--- SUPPLIED INFORMATION ---

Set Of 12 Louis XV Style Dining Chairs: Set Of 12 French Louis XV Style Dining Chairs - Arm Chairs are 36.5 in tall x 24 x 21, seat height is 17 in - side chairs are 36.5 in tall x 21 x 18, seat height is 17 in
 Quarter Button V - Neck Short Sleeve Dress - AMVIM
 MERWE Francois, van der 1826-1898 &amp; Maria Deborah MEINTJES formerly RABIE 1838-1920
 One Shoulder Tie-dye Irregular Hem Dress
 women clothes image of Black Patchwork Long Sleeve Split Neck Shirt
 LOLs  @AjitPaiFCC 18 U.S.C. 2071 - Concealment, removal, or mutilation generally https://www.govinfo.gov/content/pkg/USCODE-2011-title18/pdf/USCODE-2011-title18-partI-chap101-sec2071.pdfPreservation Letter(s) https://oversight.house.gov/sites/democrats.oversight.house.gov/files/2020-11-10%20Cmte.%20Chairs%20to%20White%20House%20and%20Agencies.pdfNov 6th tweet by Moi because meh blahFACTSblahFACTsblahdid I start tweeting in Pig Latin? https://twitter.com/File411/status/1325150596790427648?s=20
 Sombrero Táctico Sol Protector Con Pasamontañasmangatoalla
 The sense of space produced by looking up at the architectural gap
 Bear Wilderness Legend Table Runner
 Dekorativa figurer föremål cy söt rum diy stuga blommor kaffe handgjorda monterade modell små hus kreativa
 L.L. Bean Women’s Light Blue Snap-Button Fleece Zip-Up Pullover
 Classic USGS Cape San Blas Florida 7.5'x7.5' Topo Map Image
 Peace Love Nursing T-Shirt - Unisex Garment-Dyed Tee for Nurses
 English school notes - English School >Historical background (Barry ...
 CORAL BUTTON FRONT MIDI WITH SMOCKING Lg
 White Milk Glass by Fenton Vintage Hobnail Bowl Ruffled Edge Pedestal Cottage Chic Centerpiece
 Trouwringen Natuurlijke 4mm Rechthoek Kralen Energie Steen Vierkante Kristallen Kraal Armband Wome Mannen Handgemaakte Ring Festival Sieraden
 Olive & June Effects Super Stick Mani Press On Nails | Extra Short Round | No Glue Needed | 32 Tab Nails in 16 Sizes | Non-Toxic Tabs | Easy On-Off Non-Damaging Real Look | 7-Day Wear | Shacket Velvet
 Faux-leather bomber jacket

---

WHAT IS REQUIRED: When copying the data above, keep every line exactly as written.

RESPONSE AREA:
Set Of 12 Louis XV Style Dining Chairs: Set Of 12 French Louis XV Style Dining Chairs - Arm Chairs are 36.5 in tall x 24 x 21, seat height is 17 in - side chairs are 36.5 in tall x 21 x 18, seat height is 17 in
 Quarter Button V - Neck Short Sleeve Dress - AMVIM
 MERWE Francois, van der 1826-1898 &amp; Maria Deborah MEINTJES formerly RABIE 1838-1920
 One Shoulder Tie-dye Irregular Hem Dress
 women clothes image of Black Patchwork Long Sleeve Split Neck Shirt
 LOLs  @AjitPaiFCC 18 U.S.C. 2071 - Concealment, removal, or mutilation generally https://www.govinfo.gov/content/pkg/USCODE-2011-title18/pdf/USCODE-2011-title18-partI-chap101-sec2071.pdfPreservation Letter(s) https://oversight.house.gov/sites/democrats.oversight.house.gov/files/2020-11-10%20Cmte.%20Chairs%20to%20White%20House%20and%20Agencies.pdfNov 6th tweet by Moi because meh blahFACTSblahFACTsblahdid I start tweeting in Pig Latin? https://twitter.com/File411/status/1325150596790427648?s=20
 Sombrero Táctico Sol Protector Con Pasamontañasmangatoalla
 The sense of space produced by looking up at the architectural gap
 Bear Wilderness Legend Table Runner
 Dekorativa figurer föremål cy söt rum diy stuga blommor kaffe handgjorda monterade modell små hus kreativa
 L.L. Bean Women’s Light Blue Snap-Button Fleece Zip-Up Pullover
 Classic USGS Cape San Blas Florida 7.5'x7.5' Topo Map Image
 Peace Love Nursing T-Shirt - Unisex Garment-Dyed Tee for Nurses
 English school notes - English School >Historical background (Barry ...
 CORAL BUTTON FRONT MIDI WITH SMOCKING Lg
 White Milk Glass by Fenton Vintage Hobnail Bowl Ruffled Edge Pedestal Cottage Chic Centerpiece
 Trouwringen Natuurlijke 4mm Rechthoek Kralen Energie Steen Vierkante Kristallen Kraal Armband Wome Mannen Handgemaakte Ring Festival Sieraden
 Olive & June Effects Super Stick Mani Press On Nails | Extra Short Round | No Glue Needed | 32 Tab Nails in 16 Sizes | Non-Toxic Tabs | Easy On-Off Non-Damaging Real Look | 7-Day Wear | Shacket Velvet
 Faux-leather bomber jacket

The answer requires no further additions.